Wedding Expenses - Bridesmaid Edition

We’ve all heard those horror stories of demanding brides who expect the world from their best girlfriends — $500 bridesmaid dresses, round-trip flights to tropical destinations for the bachelorette party, designer shoes. You get the idea. But if you’ve been asked to join the bride’s squad, don’t panic! These over-the-top tales are rare, and you more than likely won’t have to cash out your entire life’s savings just so you can stand at the altar with your BFF.

With that said, there is no denying that being a bridesmaid costs money. In fact, a 2017 study that polled more than 13,000 brides found that the average bridesmaid spends around $1,695 to be in a wedding. That’s not your average weekend for many of us. But if your betrothed bestie is considerate — for example, if she picks out bridesmaid dresses that you can wear again — then the budgetary blow might not be so bad. Here’s what you can expect to pay for when you’re asked to join the bridal crew.

What You’ll Pay For

The following items are things that bridesmaids are traditionally expected to pay for. Whether you actually have to pay for them depends on the wedding and the bride.

  • Your Bridesmaid Dress — Expect to pay for your bridesmaid dress and any alterations. The average cost of a bridesmaid dress is around $150, and alterations can set you back another hundred or two. If you and your fellow bridesmaids are worried about the spend, ask the bride to consider alteration-free convertible dresses.
  • Shoes and Accessories — You’ve got to look fresh! You’ll need to pay for your bridesmaid shoes as well as any accessories that the bride requests. Sometimes, the bride will give jewelry or accessories as gifts, so you may not have to incur this cost.
  • Hair, Makeup and Nails — Typically, you’ll have to cover your own hair, makeup, manicure and pedicure before the big day. However, note that the bride should only require professional hair, makeup and nails if she’s willing to front the cost. If she’s not paying, it’s totally fine to stick to DIY beauty or have a friend help.
  • Bridal Shower Gift — You’ll want to make sure that you set aside a little extra money so you can shower the bride-to-be on all the girls’ days leading up to the wedding, including the shower and bachelorette party.
  • Bachelorette Party — This one’s for the bride, so don’t expect her to cover any expenses. Travel, accommodations, transportation, drinks, favors, décor (raunchy ones, if that’s your style) — all of it is the responsibility of the bridal party. If you’re the maid of honor, you may have to head this one up, but do expect the whole crew to split the majority of the expenses.
  • Travel Expenses — If the wedding is local, you’ll need to pay your way to get to all the wedding-related events, including the bachelorette party if it’s out-of-town. If the wedding is elsewhere, the bride and her family may pay some portion of your travel expenses.
  • A Wedding Gift — It’s the age-old question: If you’re in a wedding, do you have to buy a gift? It all comes down to your personal preference. You won’t be expected to give a gift, so it’s totally up to you. A great option is to have all the bridesmaids contribute for one group gift.

What You Won't Pay For

Again, the following items are things that the bride and her spouse-to-be typically cover, but there may be some extras that are or are not covered, depending on the wedding.

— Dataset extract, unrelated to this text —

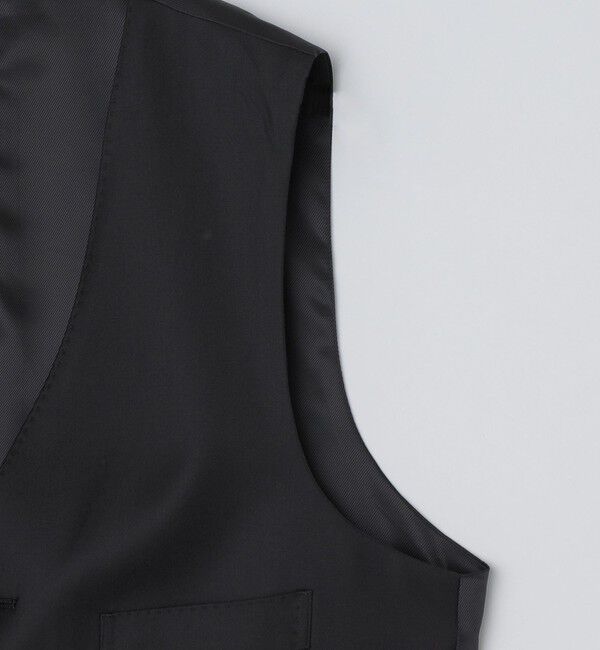 SHIPS「SHIPS: LORO PIANA FABRIC オーストラリス 無地 ベスト」|ベスト・ジレ|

  • Flowers — It’s a safe bet that the couple getting married will take care of all the flowers for the bridal party, including the bouquets for the ladies and the boutonnieres for the guys.
  • Jewelry (Sometimes) — It’s common for the bride-to-be to gift her bridesmaids with special pieces of jewelry or accessories to wear on the big day. However, she may ask you to wear specific accessories that you must furnish yourself.
  • Hair and Makeup (Sometimes) — Again, whether she pays for hair and makeup really comes down to what she expects. If she wants everyone to have their hair and makeup done professionally, she should offer to pay.
  • Transportation — It’s the responsibility of the bride and groom to get the entire bridal party from point A to point B on wedding weekend. Whether it’s a limo, a party bus or a friend shuttling you in a minivan, you can expect to be chauffeured around.
  • Travel Expenses — Strictly traditionally speaking, the to-be-married couple should front some of the bill for the bridal party if it’s a destination wedding. Often, the couple and their families will cover lodging for the bridesmaids and groomsmen, but you may have to pay for your flight.

Who Pays? A Matter of Etiquette

As with many wedding-related things, who pays for what is a matter of good old-fashioned etiquette. If you’d like a rundown on traditional (read: a little archaic) wedding expense etiquette, it’s always a good idea to consult the authority on all things etiquette, Emily Post. At the end of the day, though, what you fork over for your pal should be given from the goodness of your heart, not because it’s expected.

Then there’s the question: What if you can’t afford to be a bridesmaid? If you find that it’s simply not in your budget, you are not obligated to accept your friend’s offer to join her bridal party. It’s all completely optional. Your best bet is to have a candid conversation with her, explaining that there is no wiggle room in your budget, and she will understand. Being a good friend and being there for all her milestones means more than spending money.